Brief
After locating the line containing "Mädchen Jeansshorts mit Flechtgürtel" in the entries below, please write out that line and the rest through the end exactly. Omit pictures.

....

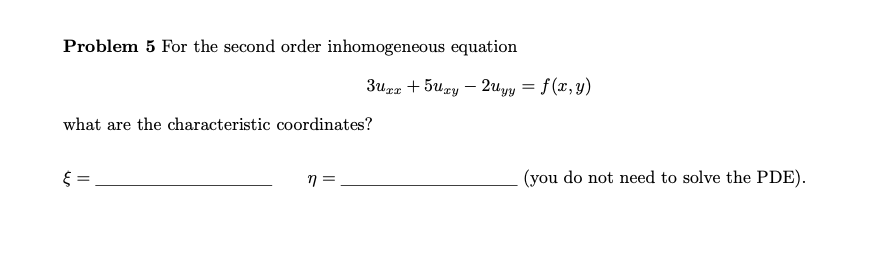 Solved Problem 5 For The Second Order Inhomogeneous Equation Chegg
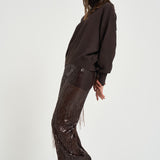 Pantalone donna palazzo con paillettes marrone scuro 30815314 69 FEDERICA TOSI 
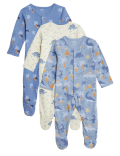 3pk Cotton Rich Dinosaur Sleepsuits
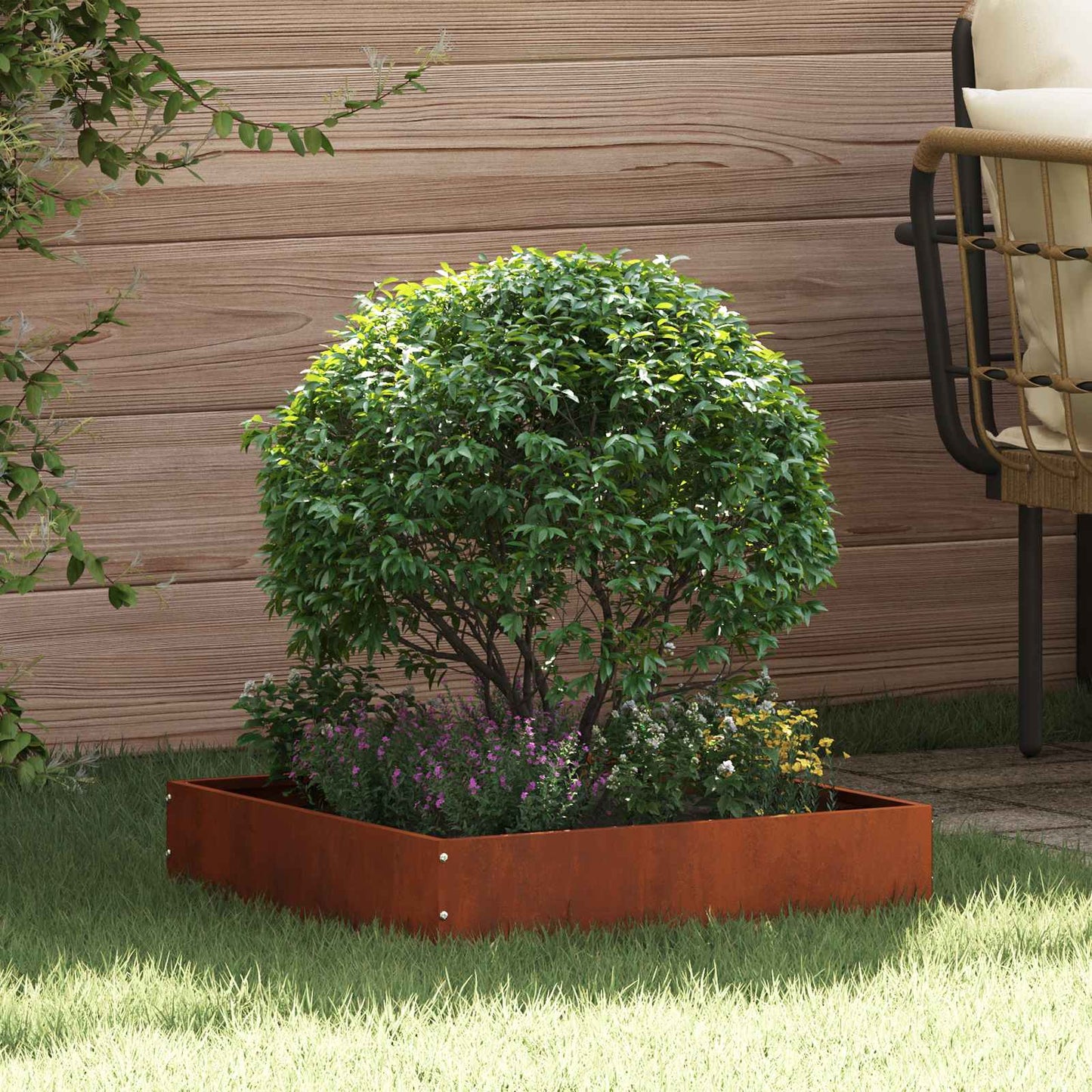 Bordo da giardino Vidaxl arrugginito 50 x 50 x 13 cm in acciaio corten
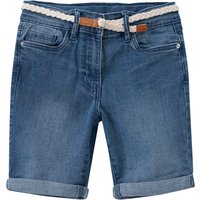Mädchen Jeansshorts mit Flechtgürtel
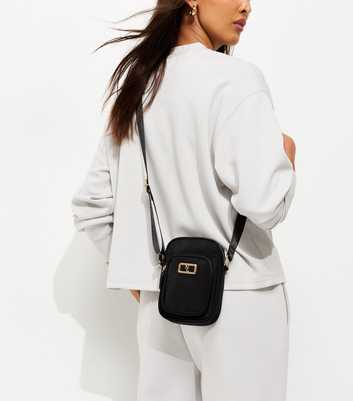 Black Logo Charm Phone Bag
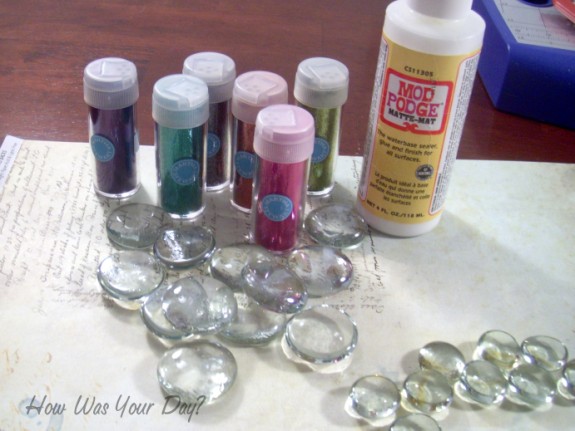 Glitter Glass Marble Magnets Supplies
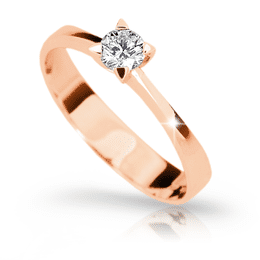 Zlatý zásnubní prsten DF 1895, růžové zlato, s diamantem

....

Answer below
Mädchen Jeansshorts mit Flechtgürtel
 Black Logo Charm Phone Bag
 Glitter Glass Marble Magnets Supplies
 Zlatý zásnubní prsten DF 1895, růžové zlato, s diamantem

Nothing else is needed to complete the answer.